China Securities Co., Ltd.: Short-term dividends are advantageous, the market is quietly waiting for a buying opportunity.
21/04/2025
GMT Eight
China Securities Co., Ltd. released a research report stating that the market's reaction to tariff numbers has faded, with focus shifting to domestic demand policies. The micro-fundamental support remains strong, providing powerful support to the market's bottom line and limiting downside risks. From the perspective of fund preferences, the value style of the broader market is more advantageous. In the short term, focus will be on dividends and domestic demand, while in the medium term, investors should wait for market entry points and consider positioning in new consumption, autonomous controllable, AI, Siasun Robot&Automation, among others. Key industries to watch include banks, utilities, transportation, social services, retail, beauty care, food and beverage, agriculture, forestry, animal husbandry and fisheries.
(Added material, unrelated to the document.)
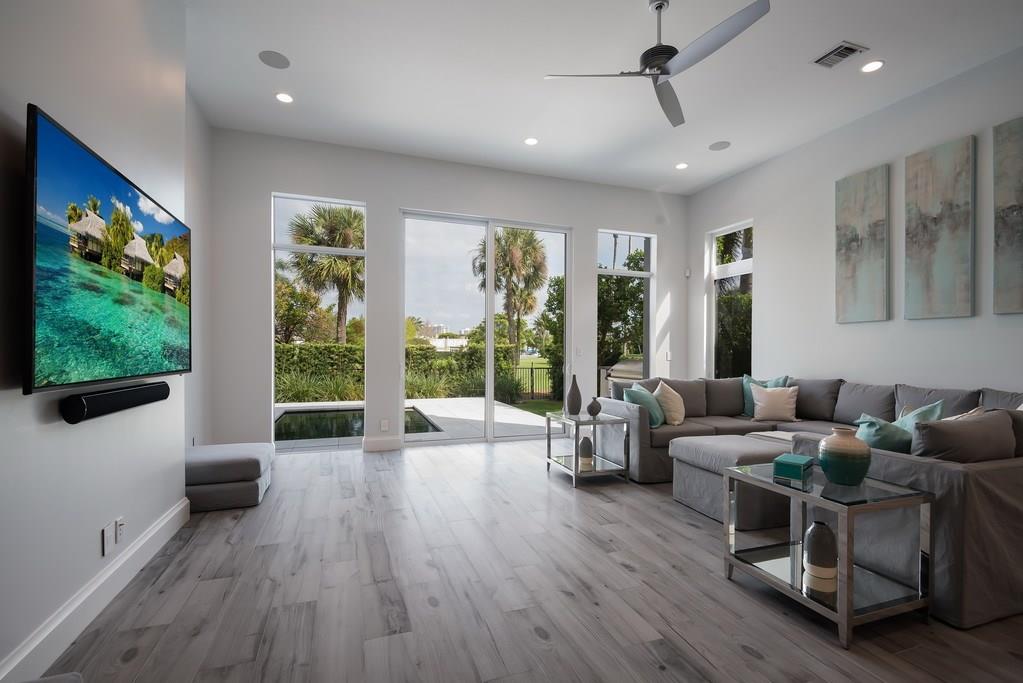 ROYAL PALM YACHT & COUNTR - Residential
The Federal Reserve warned of inflation risks, prompting a certain degree of recovery in the A-shares market. Federal Reserve Chairman Powell issued a strong warning about the impact of President Trump's tariff policies, leading to a further cooling of market expectations for a Fed rate cut. Compared to two weeks ago, the probability of the Fed maintaining interest rates in May has increased from 66.7% to 86.8%, while the chances of rate cuts in June and July have decreased. With the market's reaction to tariff numbers fading, the A-shares market has seen some degree of recovery, with industries like retail, real estate, and social services leading the way.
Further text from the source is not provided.